Si son plan est assez classique des bâtiments religieux construits dans l’ouest de la Gaule de l’époque, un objet métallique et, surtout, la cloche à main de saint Symphorien, longtemps conservée dans cette chapelle, révèlent des influences irlandaises et brittoniques. Autant d’indices sur les différents échanges de la Bretagne d’alors, influencée par les îles Britanniques et par l’empire carolingien.

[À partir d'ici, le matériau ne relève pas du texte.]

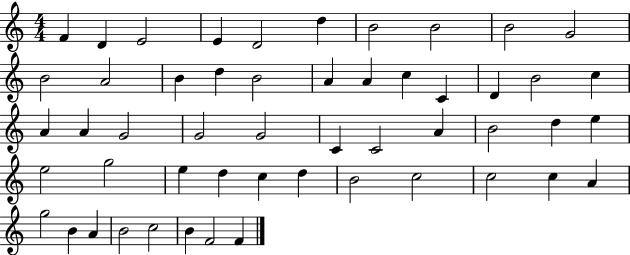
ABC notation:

X:1
T:Untitled
M:4/4
L:1/4
K:C
F D E2 E D2 d B2 B2 B2 G2 B2 A2 B d B2 A A c C D B2 c A A G2 G2 G2 C C2 A B2 d e e2 g2 e d c d B2 c2 c2 c A g2 B A B2 c2 B F2 F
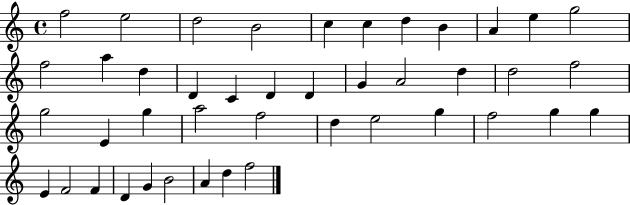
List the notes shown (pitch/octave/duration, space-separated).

F5/h E5/h D5/h B4/h C5/q C5/q D5/q B4/q A4/q E5/q G5/h F5/h A5/q D5/q D4/q C4/q D4/q D4/q G4/q A4/h D5/q D5/h F5/h G5/h E4/q G5/q A5/h F5/h D5/q E5/h G5/q F5/h G5/q G5/q E4/q F4/h F4/q D4/q G4/q B4/h A4/q D5/q F5/h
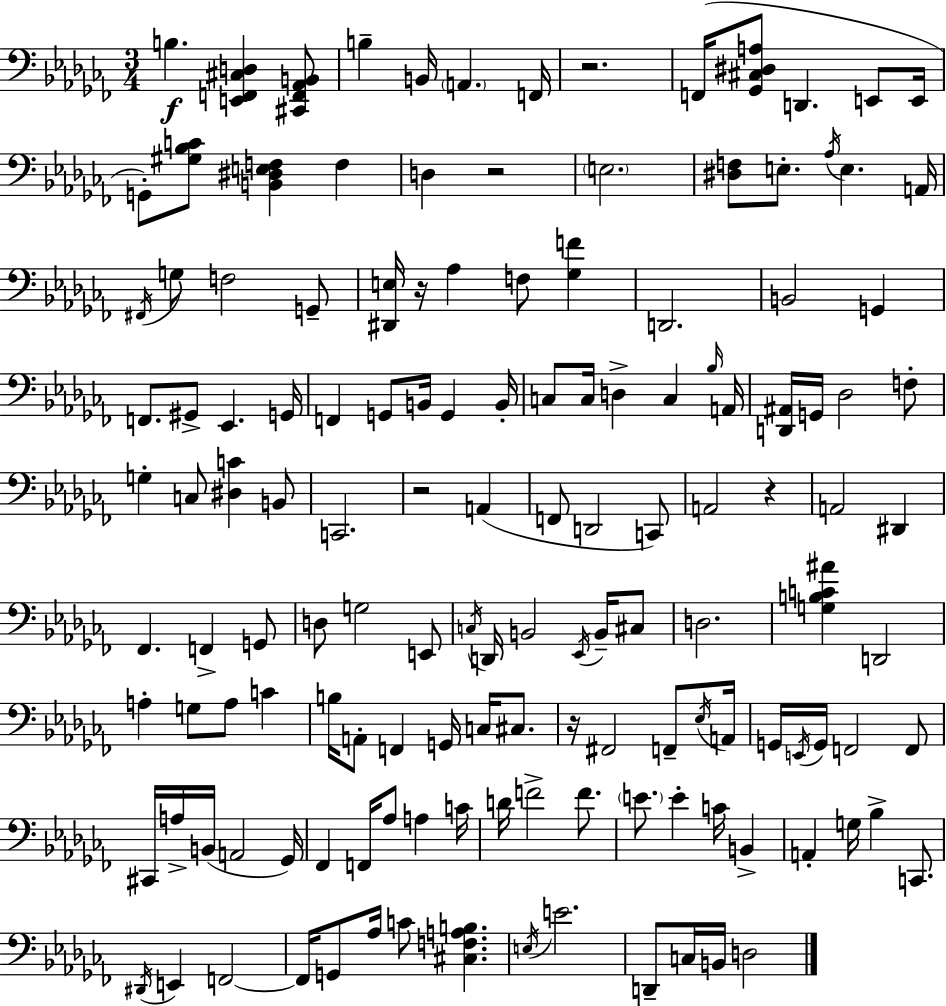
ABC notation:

X:1
T:Untitled
M:3/4
L:1/4
K:Abm
B, [E,,F,,^C,D,] [^C,,F,,_A,,B,,]/2 B, B,,/4 A,, F,,/4 z2 F,,/4 [_G,,^C,^D,A,]/2 D,, E,,/2 E,,/4 G,,/2 [^G,_B,C]/2 [B,,^D,E,F,] F, D, z2 E,2 [^D,F,]/2 E,/2 _A,/4 E, A,,/4 ^F,,/4 G,/2 F,2 G,,/2 [^D,,E,]/4 z/4 _A, F,/2 [_G,F] D,,2 B,,2 G,, F,,/2 ^G,,/2 _E,, G,,/4 F,, G,,/2 B,,/4 G,, B,,/4 C,/2 C,/4 D, C, _B,/4 A,,/4 [D,,^A,,]/4 G,,/4 _D,2 F,/2 G, C,/2 [^D,C] B,,/2 C,,2 z2 A,, F,,/2 D,,2 C,,/2 A,,2 z A,,2 ^D,, _F,, F,, G,,/2 D,/2 G,2 E,,/2 C,/4 D,,/4 B,,2 _E,,/4 B,,/4 ^C,/2 D,2 [G,B,C^A] D,,2 A, G,/2 A,/2 C B,/4 A,,/2 F,, G,,/4 C,/4 ^C,/2 z/4 ^F,,2 F,,/2 _E,/4 A,,/4 G,,/4 E,,/4 G,,/4 F,,2 F,,/2 ^C,,/4 A,/4 B,,/4 A,,2 _G,,/4 _F,, F,,/4 _A,/2 A, C/4 D/4 F2 F/2 E/2 E C/4 B,, A,, G,/4 _B, C,,/2 ^D,,/4 E,, F,,2 F,,/4 G,,/2 _A,/4 C/2 [^C,F,A,B,] E,/4 E2 D,,/2 C,/4 B,,/4 D,2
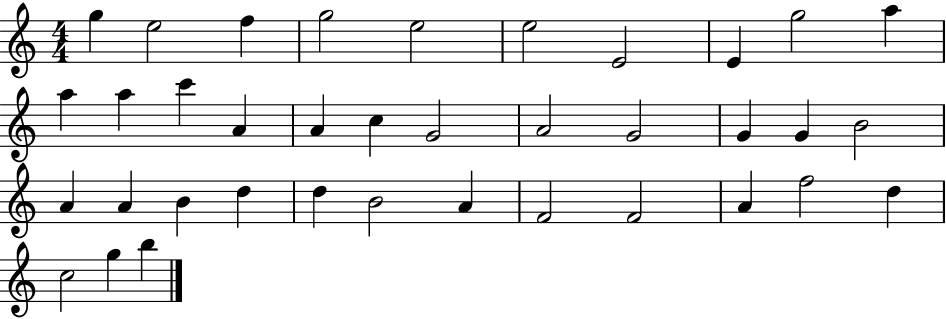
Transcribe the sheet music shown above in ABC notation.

X:1
T:Untitled
M:4/4
L:1/4
K:C
g e2 f g2 e2 e2 E2 E g2 a a a c' A A c G2 A2 G2 G G B2 A A B d d B2 A F2 F2 A f2 d c2 g b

Cette année, les archéologues ont étudié une partie de l’enceinte circulaire située à proximité. Elle était défendue par deux fossés successifs, d’une profondeur de deux mètres cinquante et, probablement, par une série de remparts en terre et de palissades. L’intérieur du site révèle une forte densité de vestiges, avec des traces de cabanes en bois, d’importants silos dont l’un, de six mètres cubes, a révélé des traces de céréales carbonisées. Leur analyse permettra de mieux connaître les habitudes alimentaires des occupants. En revanche, les fouilleurs n’ont guère retrouvé de céramiques, à l’exception d’un petit morceau de verre décoré, qui rappelle un objet contemporain découvert à Saint-Denis, en Ile-de-France. “L’absence de céramique, estime Joseph Le Gall, responsable de la fouille, est plutôt révélatrice des cultures britanniques du haut Moyen Âge, où la vaisselle était en bois ou en métal.” Dans la chapelle et sur le site, les archéologues ont également mis au jour quelques monnaies carolingiennes, datant de Charles Le Chauve et frappées à Melle, en Charentes.

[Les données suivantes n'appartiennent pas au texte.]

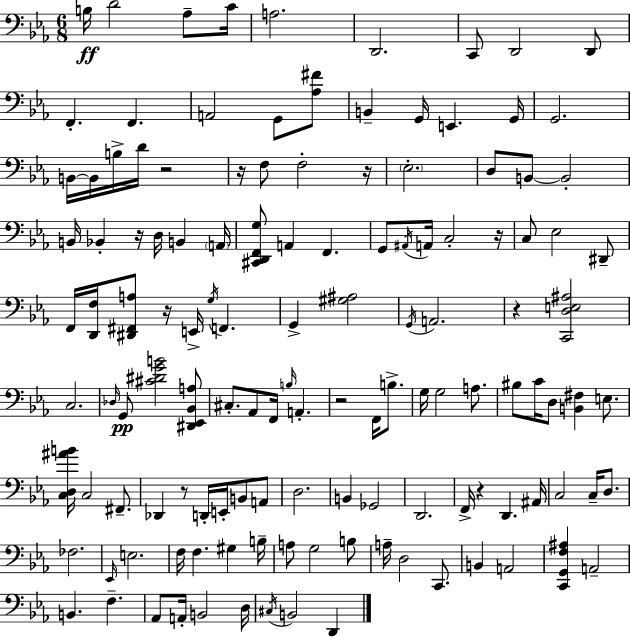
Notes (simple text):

B3/s D4/h Ab3/e C4/s A3/h. D2/h. C2/e D2/h D2/e F2/q. F2/q. A2/h G2/e [Ab3,F#4]/e B2/q G2/s E2/q. G2/s G2/h. B2/s B2/s B3/s D4/s R/h R/s F3/e F3/h R/s Eb3/h. D3/e B2/e B2/h B2/s Bb2/q R/s D3/s B2/q A2/s [C#2,D2,F2,G3]/e A2/q F2/q. G2/e A#2/s A2/s C3/h R/s C3/e Eb3/h D#2/e F2/s [D2,F3]/s [D#2,F#2,A3]/e R/s E2/s G3/s F2/q. G2/q [G#3,A#3]/h G2/s A2/h. R/q [C2,D3,E3,A#3]/h C3/h. Db3/s G2/e [C#4,D#4,G4,B4]/h [D#2,Eb2,Bb2,A3]/e C#3/e. Ab2/e F2/s B3/s A2/q. R/h F2/s B3/e. G3/s G3/h A3/e. BIS3/e C4/s D3/e [B2,F#3]/q E3/e. [C3,D3,A#4,B4]/s C3/h F#2/e. Db2/q R/e D2/s E2/s B2/e A2/e D3/h. B2/q Gb2/h D2/h. F2/s R/q D2/q. A#2/s C3/h C3/s D3/e. FES3/h. Eb2/s E3/h. F3/s F3/q. G#3/q B3/s A3/e G3/h B3/e A3/s D3/h C2/e. B2/q A2/h [C2,G2,F3,A#3]/q A2/h B2/q. F3/q. Ab2/e A2/s B2/h D3/s C#3/s B2/h D2/q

La fouille de l’enceinte a surtout révélé les fondations en pierre d’un important bâtiment, de deux cents mètres carrés au sol, l’un des plus importants découverts en Bretagne à ce jour pour le ixe siècle. Dans les années 1980 et 1990, Philippe Guiguon avait en partie fouillé une autre importante résidence carolingienne à Locronan. “Etudier un tel site est très rare, note Joseph Le Gall. Nous n’avons donc que peu d’éléments de comparaison, mais il paraît évident qu’il a été construit par un personnage important et puissant.” Les indices archéologiques restent bien faibles pour nous renseigner sur lui. Brécilien a en effet été construit dans une région, le Poher, à l’histoire troublée à cette époque : l’empereur Louis Le Pieux y a défait le chef breton Morvan Lez Breizh, avant de se rendre à Carhaix et à Landevennec pour s’assurer de la soumission des Bretons. C’est également de Cornouaille que serait originaire Nominoë, le chef breton qui a défait à l’empereur Charles Le Chauve. Qui était le seigneur de Brecilien ? Un noble breton, peut être l’un de ses mystérieux machtiern qu’évoquent les cartulaires de l’époque, où un fidèle du pouvoir franc, placé là pour tenter de reprendre cette Bretagne frondeuse qui échappait régulièrement à l’autorité carolingienne.